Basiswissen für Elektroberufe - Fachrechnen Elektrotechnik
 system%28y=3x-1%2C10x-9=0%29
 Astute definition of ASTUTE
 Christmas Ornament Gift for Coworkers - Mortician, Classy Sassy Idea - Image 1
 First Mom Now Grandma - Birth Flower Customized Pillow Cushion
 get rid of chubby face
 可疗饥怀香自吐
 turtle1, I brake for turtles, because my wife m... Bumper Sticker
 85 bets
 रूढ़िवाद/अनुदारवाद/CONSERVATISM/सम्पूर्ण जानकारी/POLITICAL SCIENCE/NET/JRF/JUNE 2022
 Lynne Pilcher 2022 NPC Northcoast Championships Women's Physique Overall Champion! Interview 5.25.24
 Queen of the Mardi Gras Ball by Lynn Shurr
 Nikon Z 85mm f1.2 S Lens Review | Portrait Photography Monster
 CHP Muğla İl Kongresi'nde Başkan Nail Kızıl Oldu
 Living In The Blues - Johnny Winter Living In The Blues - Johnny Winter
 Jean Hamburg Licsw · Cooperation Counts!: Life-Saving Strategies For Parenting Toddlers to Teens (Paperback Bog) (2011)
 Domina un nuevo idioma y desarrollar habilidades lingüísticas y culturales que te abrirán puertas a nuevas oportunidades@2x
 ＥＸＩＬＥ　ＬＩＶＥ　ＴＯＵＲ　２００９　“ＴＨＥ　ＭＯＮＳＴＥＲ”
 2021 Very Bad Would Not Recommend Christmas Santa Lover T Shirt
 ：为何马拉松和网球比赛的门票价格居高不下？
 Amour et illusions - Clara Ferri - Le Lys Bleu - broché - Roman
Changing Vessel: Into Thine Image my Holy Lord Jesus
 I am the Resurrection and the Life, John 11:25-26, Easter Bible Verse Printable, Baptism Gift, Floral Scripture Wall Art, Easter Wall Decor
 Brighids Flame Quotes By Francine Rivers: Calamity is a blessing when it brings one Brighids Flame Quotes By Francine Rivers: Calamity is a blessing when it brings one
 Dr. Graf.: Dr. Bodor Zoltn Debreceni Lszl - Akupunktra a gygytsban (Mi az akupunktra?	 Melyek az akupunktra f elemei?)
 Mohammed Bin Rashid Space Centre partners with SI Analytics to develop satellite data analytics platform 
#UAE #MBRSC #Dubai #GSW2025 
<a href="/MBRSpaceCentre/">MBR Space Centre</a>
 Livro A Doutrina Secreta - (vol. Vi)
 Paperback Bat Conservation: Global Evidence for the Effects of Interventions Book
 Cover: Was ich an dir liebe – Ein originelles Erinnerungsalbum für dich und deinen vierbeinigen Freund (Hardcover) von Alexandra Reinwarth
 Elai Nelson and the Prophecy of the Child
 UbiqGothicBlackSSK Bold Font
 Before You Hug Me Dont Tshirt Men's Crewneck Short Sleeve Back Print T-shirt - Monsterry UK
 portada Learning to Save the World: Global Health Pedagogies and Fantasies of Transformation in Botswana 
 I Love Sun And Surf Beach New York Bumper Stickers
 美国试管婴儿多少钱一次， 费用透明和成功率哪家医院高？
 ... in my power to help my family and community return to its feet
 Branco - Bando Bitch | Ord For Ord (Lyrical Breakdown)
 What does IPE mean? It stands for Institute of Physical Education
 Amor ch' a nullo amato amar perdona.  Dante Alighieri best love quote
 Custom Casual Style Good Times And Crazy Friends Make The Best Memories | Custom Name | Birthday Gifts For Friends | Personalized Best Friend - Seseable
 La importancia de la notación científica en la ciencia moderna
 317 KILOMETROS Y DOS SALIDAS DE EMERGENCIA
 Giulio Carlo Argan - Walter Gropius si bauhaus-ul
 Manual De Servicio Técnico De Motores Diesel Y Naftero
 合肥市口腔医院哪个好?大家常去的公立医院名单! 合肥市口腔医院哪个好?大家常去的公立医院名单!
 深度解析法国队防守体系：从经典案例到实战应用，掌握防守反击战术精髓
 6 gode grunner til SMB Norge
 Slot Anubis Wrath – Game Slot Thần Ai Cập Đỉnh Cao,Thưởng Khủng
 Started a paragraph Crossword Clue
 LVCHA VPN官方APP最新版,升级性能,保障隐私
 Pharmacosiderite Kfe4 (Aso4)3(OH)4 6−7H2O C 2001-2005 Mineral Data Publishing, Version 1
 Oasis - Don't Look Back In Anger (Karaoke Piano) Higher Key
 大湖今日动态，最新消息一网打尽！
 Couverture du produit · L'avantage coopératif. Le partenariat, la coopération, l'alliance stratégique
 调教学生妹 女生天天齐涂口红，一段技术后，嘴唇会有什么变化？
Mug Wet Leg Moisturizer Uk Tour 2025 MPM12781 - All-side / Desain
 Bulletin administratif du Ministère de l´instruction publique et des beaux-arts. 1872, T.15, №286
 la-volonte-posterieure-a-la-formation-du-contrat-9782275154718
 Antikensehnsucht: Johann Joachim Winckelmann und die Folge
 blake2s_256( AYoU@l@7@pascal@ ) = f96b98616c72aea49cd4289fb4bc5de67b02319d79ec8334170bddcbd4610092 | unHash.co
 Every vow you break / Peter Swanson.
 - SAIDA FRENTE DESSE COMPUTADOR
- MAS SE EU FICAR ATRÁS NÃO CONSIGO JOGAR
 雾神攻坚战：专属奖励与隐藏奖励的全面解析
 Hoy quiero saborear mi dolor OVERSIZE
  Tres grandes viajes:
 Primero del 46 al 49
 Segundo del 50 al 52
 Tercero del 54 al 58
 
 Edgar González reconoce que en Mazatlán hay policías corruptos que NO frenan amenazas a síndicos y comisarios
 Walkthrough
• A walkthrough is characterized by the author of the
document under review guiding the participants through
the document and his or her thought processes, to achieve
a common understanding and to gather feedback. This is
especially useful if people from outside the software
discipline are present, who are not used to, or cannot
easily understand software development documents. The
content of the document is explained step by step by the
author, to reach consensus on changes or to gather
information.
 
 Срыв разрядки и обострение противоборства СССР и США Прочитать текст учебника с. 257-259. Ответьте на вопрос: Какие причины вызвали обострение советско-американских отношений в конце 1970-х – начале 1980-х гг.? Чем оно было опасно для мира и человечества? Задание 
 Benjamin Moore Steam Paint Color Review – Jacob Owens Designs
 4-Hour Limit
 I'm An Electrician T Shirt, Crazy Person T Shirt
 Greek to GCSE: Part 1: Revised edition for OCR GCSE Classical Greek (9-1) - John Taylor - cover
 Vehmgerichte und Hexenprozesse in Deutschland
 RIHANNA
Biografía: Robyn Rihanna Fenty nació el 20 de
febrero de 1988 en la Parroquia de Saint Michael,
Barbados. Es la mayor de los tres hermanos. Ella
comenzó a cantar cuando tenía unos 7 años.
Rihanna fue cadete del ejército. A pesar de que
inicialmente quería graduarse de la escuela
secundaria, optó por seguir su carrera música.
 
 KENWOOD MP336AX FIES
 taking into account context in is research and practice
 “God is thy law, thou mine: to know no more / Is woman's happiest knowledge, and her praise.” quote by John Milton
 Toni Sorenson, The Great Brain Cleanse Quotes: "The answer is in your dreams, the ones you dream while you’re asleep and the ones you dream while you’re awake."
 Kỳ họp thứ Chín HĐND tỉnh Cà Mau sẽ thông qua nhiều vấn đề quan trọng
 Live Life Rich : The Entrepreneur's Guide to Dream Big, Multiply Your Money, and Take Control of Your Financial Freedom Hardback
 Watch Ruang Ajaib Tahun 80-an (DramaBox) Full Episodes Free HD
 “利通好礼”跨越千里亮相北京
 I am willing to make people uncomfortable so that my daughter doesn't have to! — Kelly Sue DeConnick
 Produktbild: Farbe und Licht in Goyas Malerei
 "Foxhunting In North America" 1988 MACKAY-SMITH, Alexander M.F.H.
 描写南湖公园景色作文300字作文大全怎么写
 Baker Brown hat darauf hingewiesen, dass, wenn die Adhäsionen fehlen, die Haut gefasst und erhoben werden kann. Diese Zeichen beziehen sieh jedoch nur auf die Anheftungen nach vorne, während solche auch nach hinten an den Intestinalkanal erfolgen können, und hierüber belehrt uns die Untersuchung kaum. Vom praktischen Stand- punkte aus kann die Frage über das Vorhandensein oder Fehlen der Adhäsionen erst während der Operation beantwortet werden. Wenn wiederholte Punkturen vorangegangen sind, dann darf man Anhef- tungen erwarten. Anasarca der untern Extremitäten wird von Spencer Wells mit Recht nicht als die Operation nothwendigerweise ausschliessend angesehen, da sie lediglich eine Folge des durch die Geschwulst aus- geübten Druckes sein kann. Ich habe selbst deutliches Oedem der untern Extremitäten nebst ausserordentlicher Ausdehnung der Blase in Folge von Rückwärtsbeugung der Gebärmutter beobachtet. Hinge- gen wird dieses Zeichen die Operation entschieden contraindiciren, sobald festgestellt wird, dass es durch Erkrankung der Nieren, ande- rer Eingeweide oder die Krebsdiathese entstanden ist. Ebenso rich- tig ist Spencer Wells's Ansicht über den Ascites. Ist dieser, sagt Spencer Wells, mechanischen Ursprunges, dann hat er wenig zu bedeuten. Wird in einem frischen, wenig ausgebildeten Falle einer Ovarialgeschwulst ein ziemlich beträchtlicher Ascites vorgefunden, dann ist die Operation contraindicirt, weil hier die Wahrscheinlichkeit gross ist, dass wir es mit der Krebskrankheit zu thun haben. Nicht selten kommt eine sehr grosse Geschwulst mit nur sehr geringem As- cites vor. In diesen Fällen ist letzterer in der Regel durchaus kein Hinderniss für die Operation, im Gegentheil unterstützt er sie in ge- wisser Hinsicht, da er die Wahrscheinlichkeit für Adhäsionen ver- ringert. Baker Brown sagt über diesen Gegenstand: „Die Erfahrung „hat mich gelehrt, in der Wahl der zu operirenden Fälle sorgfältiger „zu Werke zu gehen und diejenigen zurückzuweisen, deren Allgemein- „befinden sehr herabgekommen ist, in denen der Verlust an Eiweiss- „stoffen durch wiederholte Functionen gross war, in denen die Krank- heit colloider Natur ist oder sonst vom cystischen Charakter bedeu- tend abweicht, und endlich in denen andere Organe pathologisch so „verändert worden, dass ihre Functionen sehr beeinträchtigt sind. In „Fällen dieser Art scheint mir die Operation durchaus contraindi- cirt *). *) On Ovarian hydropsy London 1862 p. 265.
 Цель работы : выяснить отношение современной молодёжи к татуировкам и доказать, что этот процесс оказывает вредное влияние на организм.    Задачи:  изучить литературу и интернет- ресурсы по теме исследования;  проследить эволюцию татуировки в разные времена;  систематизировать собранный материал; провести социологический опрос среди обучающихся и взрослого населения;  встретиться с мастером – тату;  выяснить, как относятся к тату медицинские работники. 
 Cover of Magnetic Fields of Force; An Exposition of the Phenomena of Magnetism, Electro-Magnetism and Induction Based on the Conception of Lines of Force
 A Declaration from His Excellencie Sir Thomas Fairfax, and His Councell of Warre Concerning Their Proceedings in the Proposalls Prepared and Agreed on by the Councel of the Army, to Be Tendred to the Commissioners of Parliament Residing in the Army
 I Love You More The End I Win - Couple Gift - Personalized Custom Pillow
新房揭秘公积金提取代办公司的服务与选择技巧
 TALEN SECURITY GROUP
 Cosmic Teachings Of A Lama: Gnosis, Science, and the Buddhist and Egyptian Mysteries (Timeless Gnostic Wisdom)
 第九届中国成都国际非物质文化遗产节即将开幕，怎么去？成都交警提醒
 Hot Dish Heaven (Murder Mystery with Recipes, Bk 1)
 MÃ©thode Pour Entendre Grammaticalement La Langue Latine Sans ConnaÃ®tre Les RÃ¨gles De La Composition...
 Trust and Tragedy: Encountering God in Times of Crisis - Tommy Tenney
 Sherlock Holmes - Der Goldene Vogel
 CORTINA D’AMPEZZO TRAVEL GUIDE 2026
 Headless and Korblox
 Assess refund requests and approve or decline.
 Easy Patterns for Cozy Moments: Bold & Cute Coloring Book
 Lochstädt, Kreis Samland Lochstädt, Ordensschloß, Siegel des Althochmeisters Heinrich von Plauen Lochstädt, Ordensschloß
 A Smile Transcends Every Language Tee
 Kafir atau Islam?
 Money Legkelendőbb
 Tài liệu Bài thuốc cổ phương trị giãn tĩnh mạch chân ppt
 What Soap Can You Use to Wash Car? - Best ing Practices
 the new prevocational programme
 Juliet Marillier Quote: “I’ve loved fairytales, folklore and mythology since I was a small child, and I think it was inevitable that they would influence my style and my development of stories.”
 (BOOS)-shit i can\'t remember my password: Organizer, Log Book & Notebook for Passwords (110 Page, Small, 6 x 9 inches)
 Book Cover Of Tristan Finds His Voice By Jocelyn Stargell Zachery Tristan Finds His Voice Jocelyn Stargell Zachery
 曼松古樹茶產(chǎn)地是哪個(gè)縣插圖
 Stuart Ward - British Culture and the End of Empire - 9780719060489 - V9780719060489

#####

- [Your task]:
In the listing above, find the line containing "Tài liệu Bài" and please quote exactly that line through the last one, and no other lines.

- [Result]:
 Tài liệu Bài thuốc cổ phương trị giãn tĩnh mạch chân ppt
 What Soap Can You Use to Wash Car? - Best ing Practices
 the new prevocational programme
 Juliet Marillier Quote: “I’ve loved fairytales, folklore and mythology since I was a small child, and I think it was inevitable that they would influence my style and my development of stories.”
 (BOOS)-shit i can\'t remember my password: Organizer, Log Book & Notebook for Passwords (110 Page, Small, 6 x 9 inches)
 Book Cover Of Tristan Finds His Voice By Jocelyn Stargell Zachery Tristan Finds His Voice Jocelyn Stargell Zachery
 曼松古樹茶產(chǎn)地是哪個(gè)縣插圖
 Stuart Ward - British Culture and the End of Empire - 9780719060489 - V9780719060489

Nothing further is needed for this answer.